--- WORK INSTRUCTION ---
Quote word for word the lines starting at the line with "sugarbaby online show" and ending at the final line of the entries. Leave out any pictures.

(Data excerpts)
----------
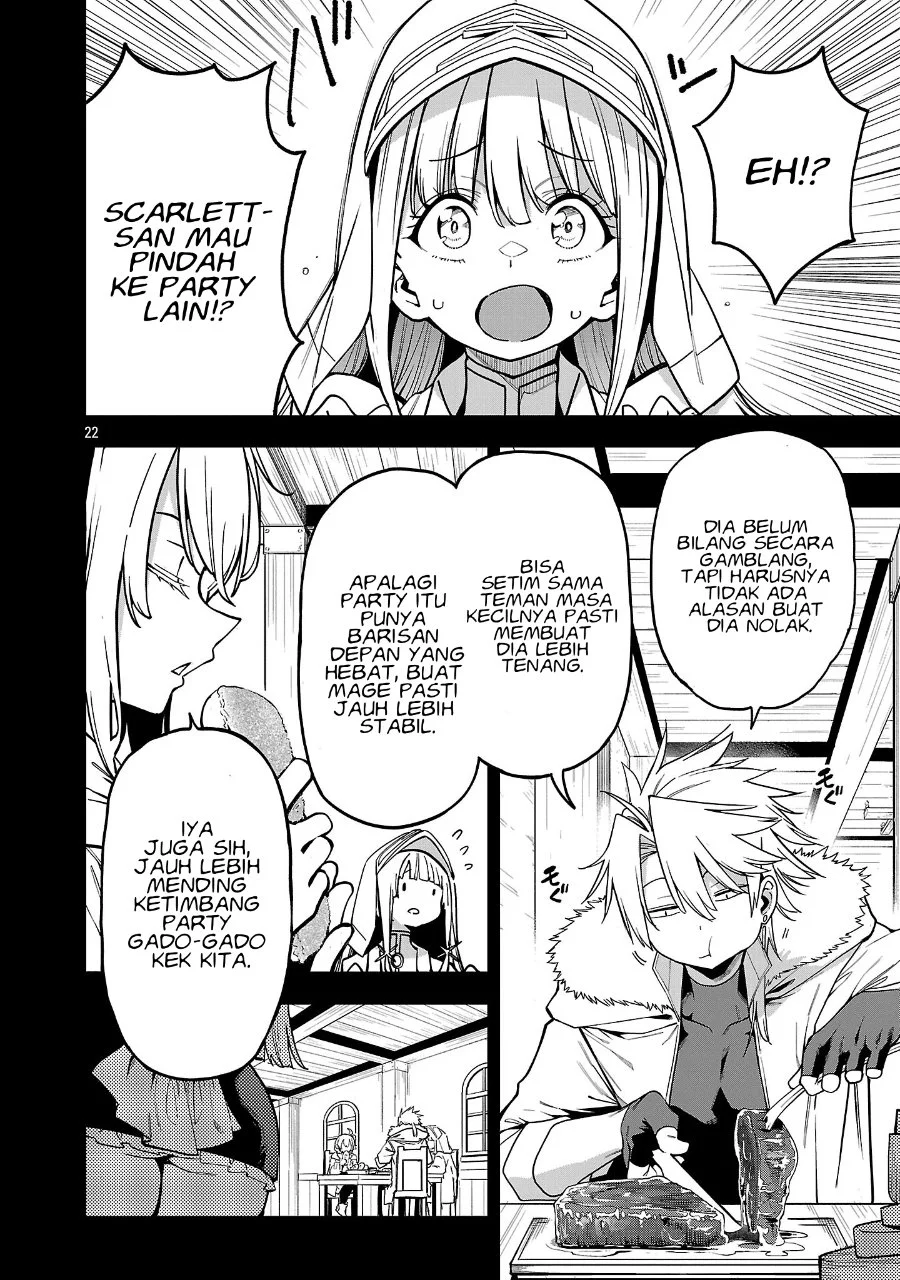 Chapter 29 - halaman 24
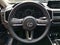 2026 Mazda Mazda CX-50 2.5 Turbo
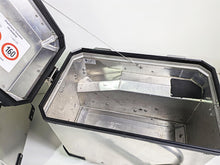 Load image into Gallery viewer, 2006 BMW R1200GS K255 Adv Oem Touratech Saddlebag Tour Pak Key Set 71607722306 | Mototech271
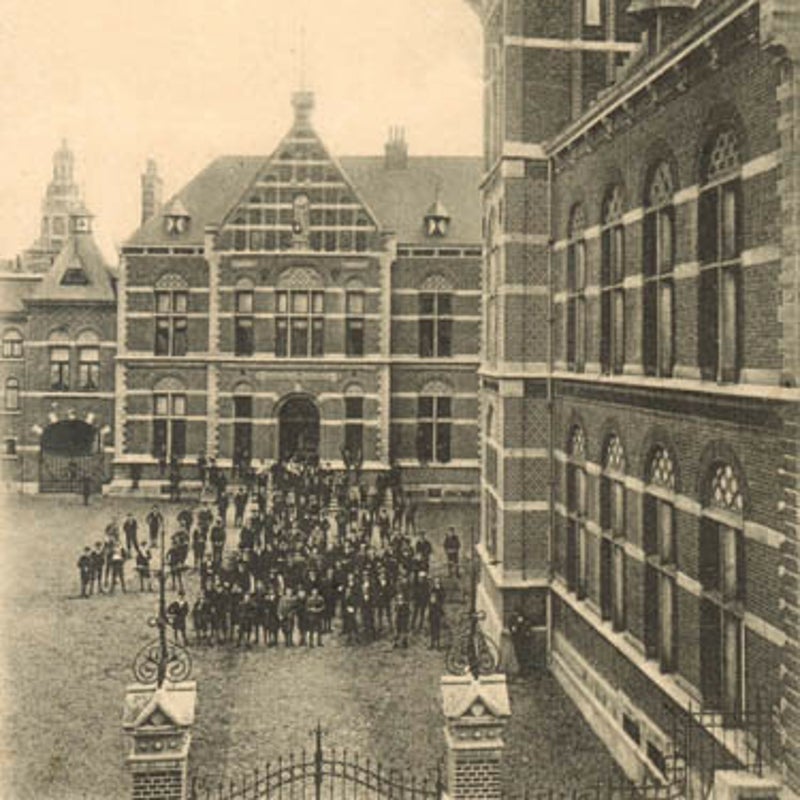 RHCL-collGAM-Crolla-29402-Helmstraat-1910ca1915-1.jpg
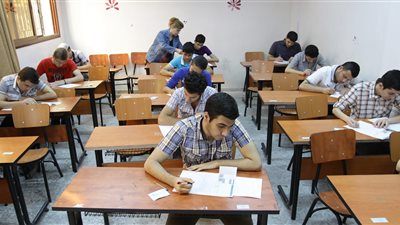 نتيجة الصف الثاني الإعدادي ظهرت الآن في محافظة القاهرة
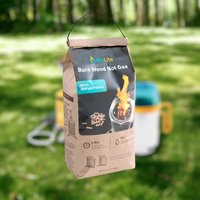 BioLite Bio-Fuel Pellets 1kg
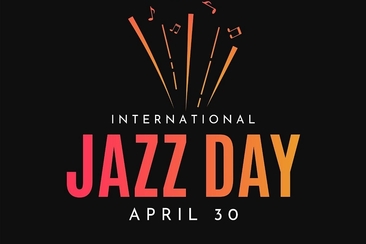 Palaver & Musik: Internationaler Tag des Jazz (gdl_920319115_image)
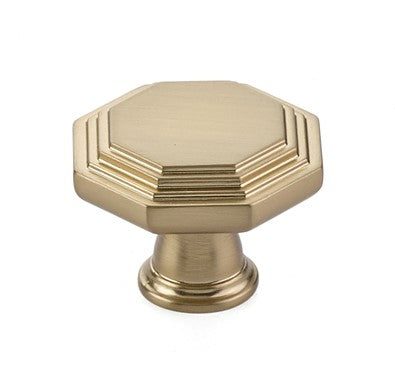 EMTEK Midvale Cabinet Knob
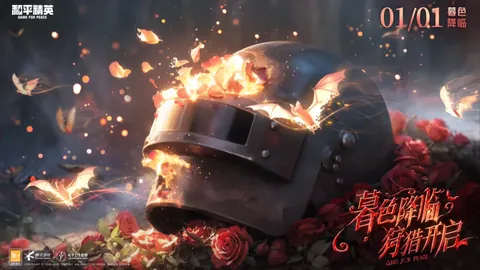 2026世足旅遊攻略 资讯 121918 aho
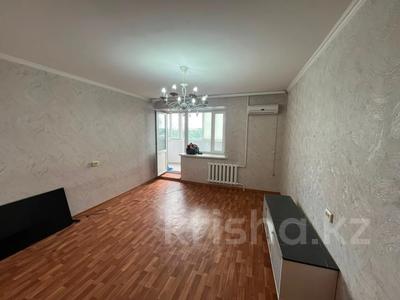 4-комнатная квартира · 77.3 м² · 7/9 этаж, Кустанайская улица 79 за 29.8 млн ₸ в Семее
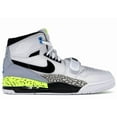 thumbnail image 1 of Jordan Men's Legacy 312 Command Force Volt Shoes, from StockX, 1 of 5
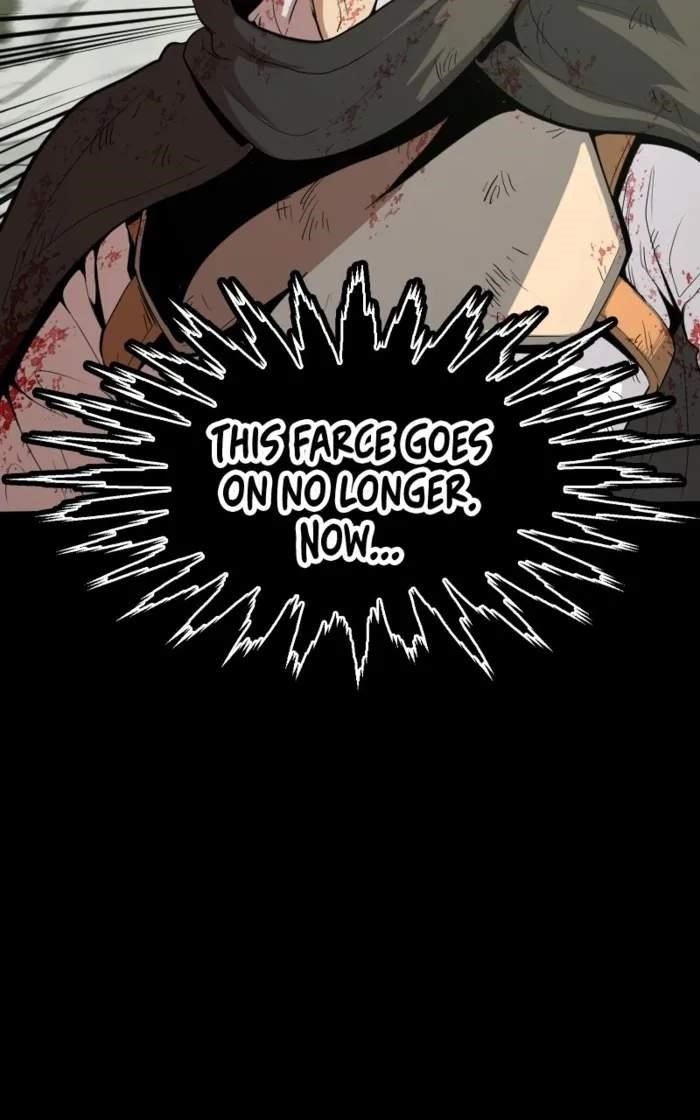 Primal Hunter Chapter 59 - Page 159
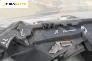 Фар за Peugeot 307 Station Wagon (03.2002 - 12.2009), комби, позиция: дясна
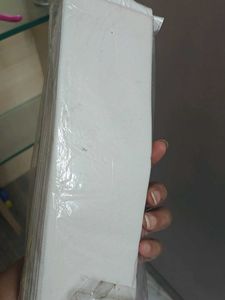 Adwel Disposable Waxing Strips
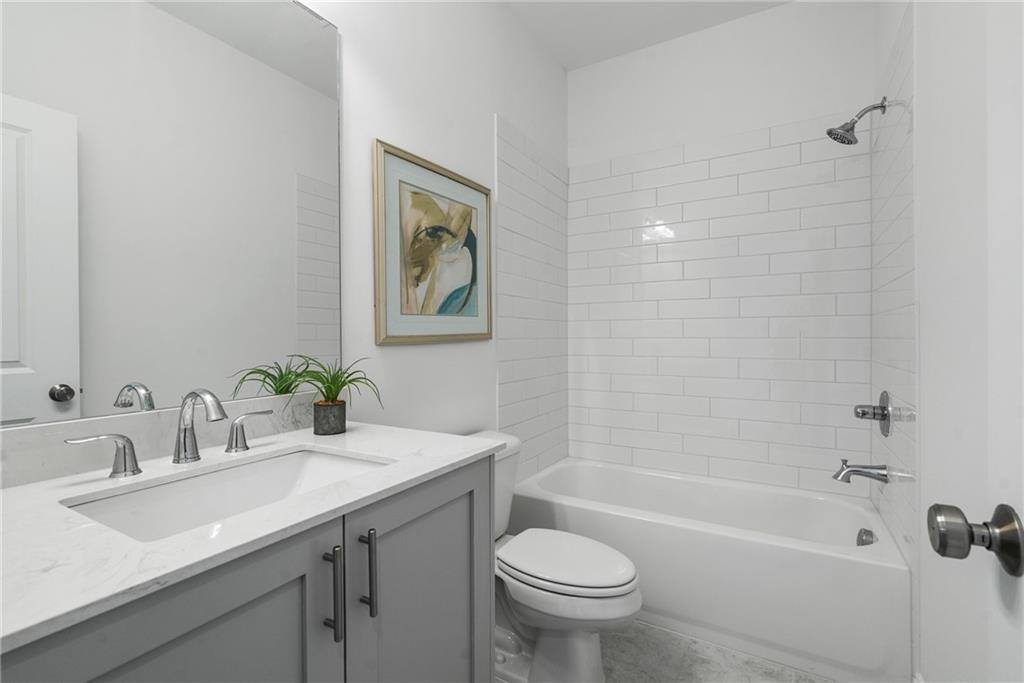 3196 Moor View Road, Unit 27 Duluth, GA 30096 - Photo 27 of 47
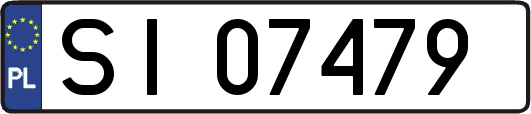 SI07479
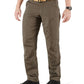 Pantalón Apex Hombre 74434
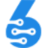 SIX ERP
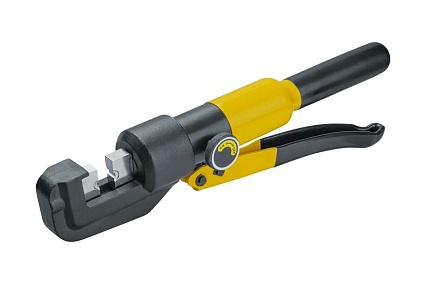 Гидравлический пресс Navigator 93 582 nht-pg02-a-4-70 асд, 4-70 мм2 93582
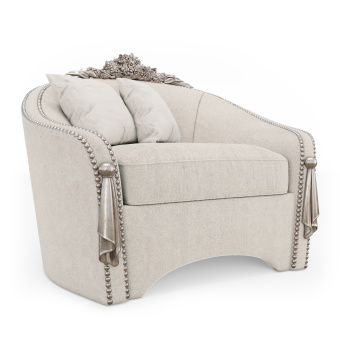 Кресло Мадлен Grand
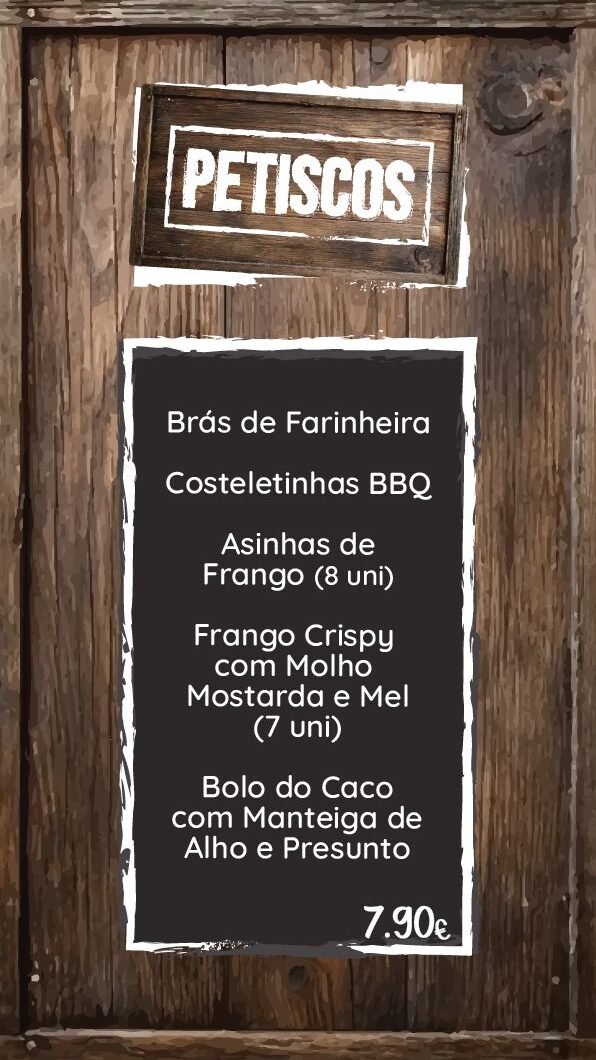 WhatsApp Image 2026-03-12 at 15.21.11 (3)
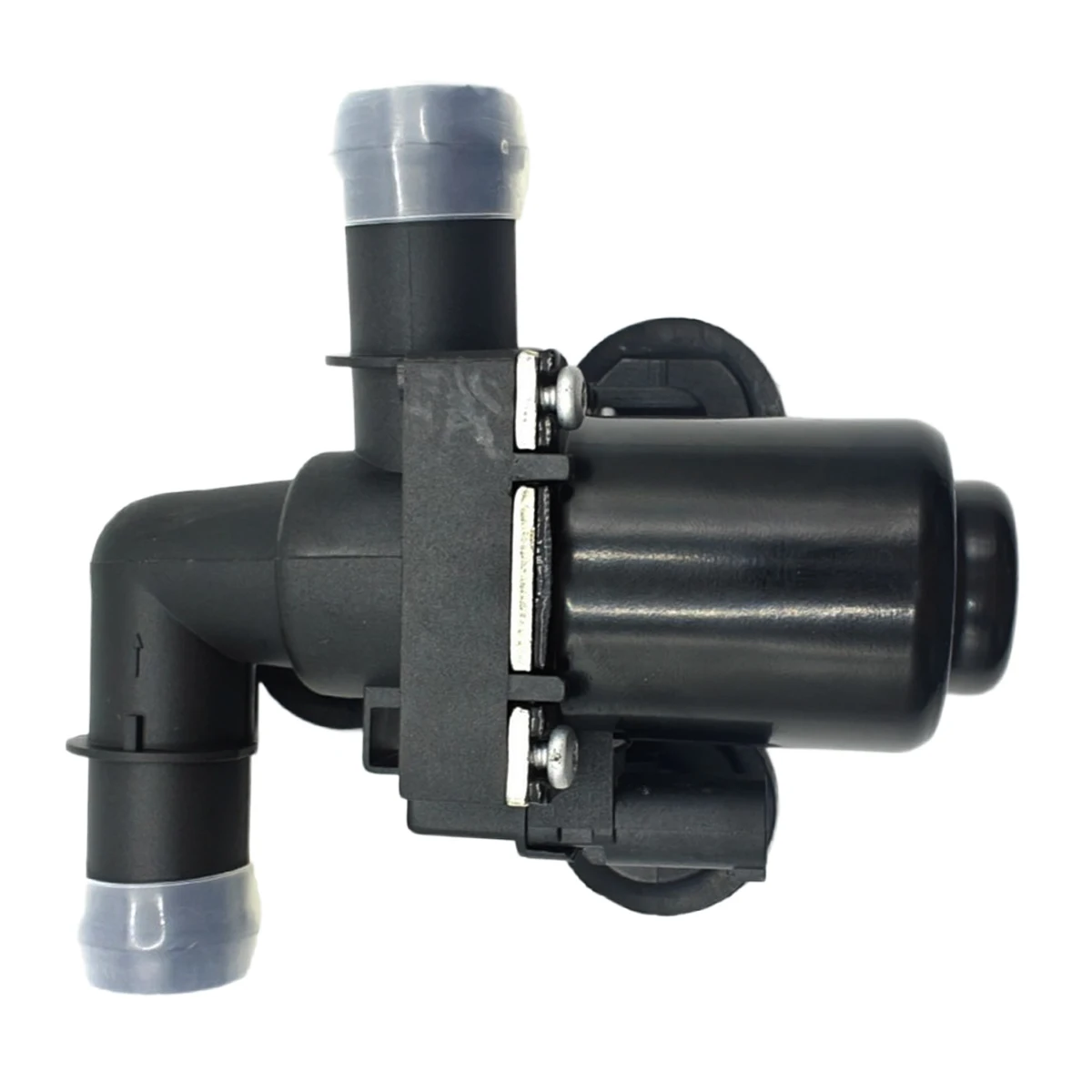 

Heater Control Valve Solenoid for BMW E90 E83 E71 E70 2006 BMW 325i 325xi 330i 330xi 2007-2010 BMW X3 X5 3.0L 64116928495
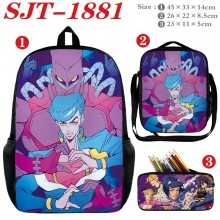 SJT-1881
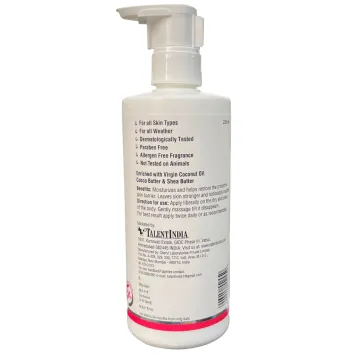 Remoiz C Lotion 250ml product image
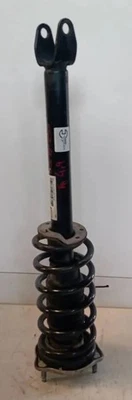 A2053200130 AMMORTIZZATORE ANTERIORE SINISTRO per MERCEDES BENZ CLASSE C 220 D - Immagine 1 di 4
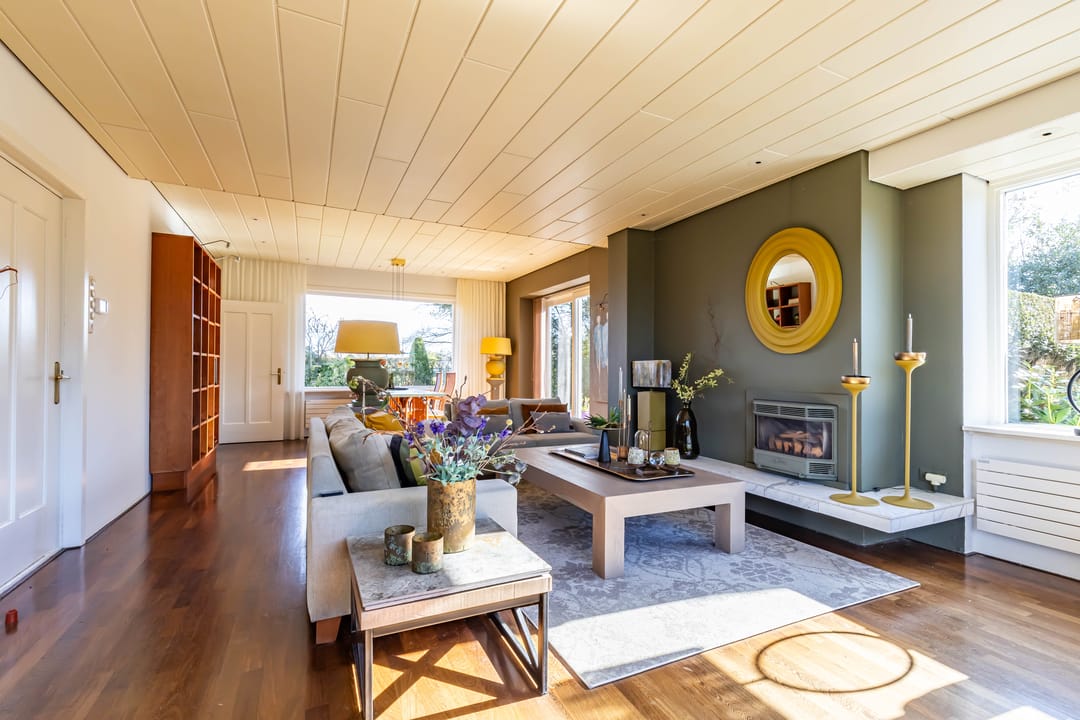 Foto 17 van Kommisjewei 120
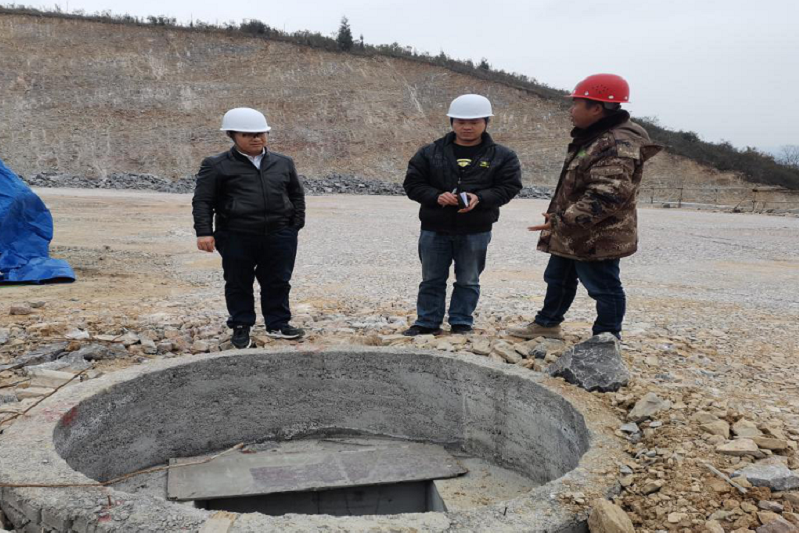 1609840660131994.png 吳書記安全檢查現(xiàn)場2.png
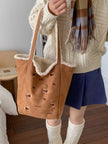 1e1c1c3bad4249b99ae9e81a1ea640a9-Max-Origin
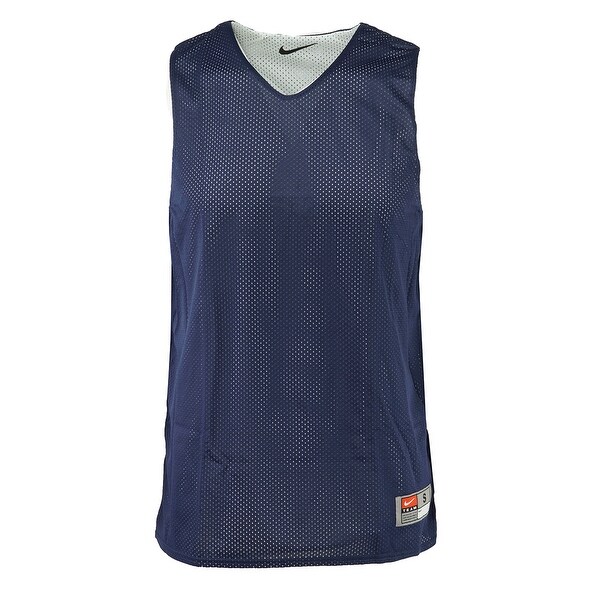 nike basketball practice jerseys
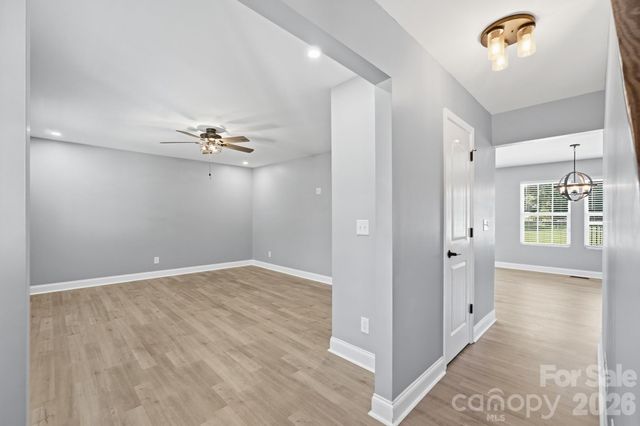 1001 Noles Drive, Mount Holly, NC 28120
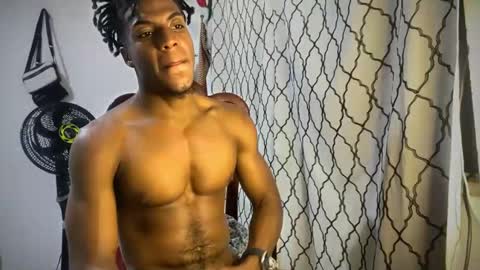 sugarbaby online show from September 20, 2:01 am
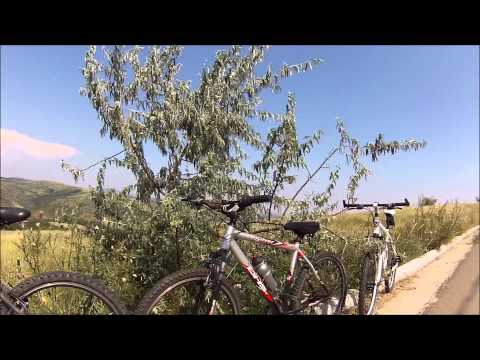 Fântânele - Malu Rosu - PRAHOVA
----------
--- SOLUTION TO THIS PROBLEM ---
 sugarbaby online show from September 20, 2:01 am
 Fântânele - Malu Rosu - PRAHOVA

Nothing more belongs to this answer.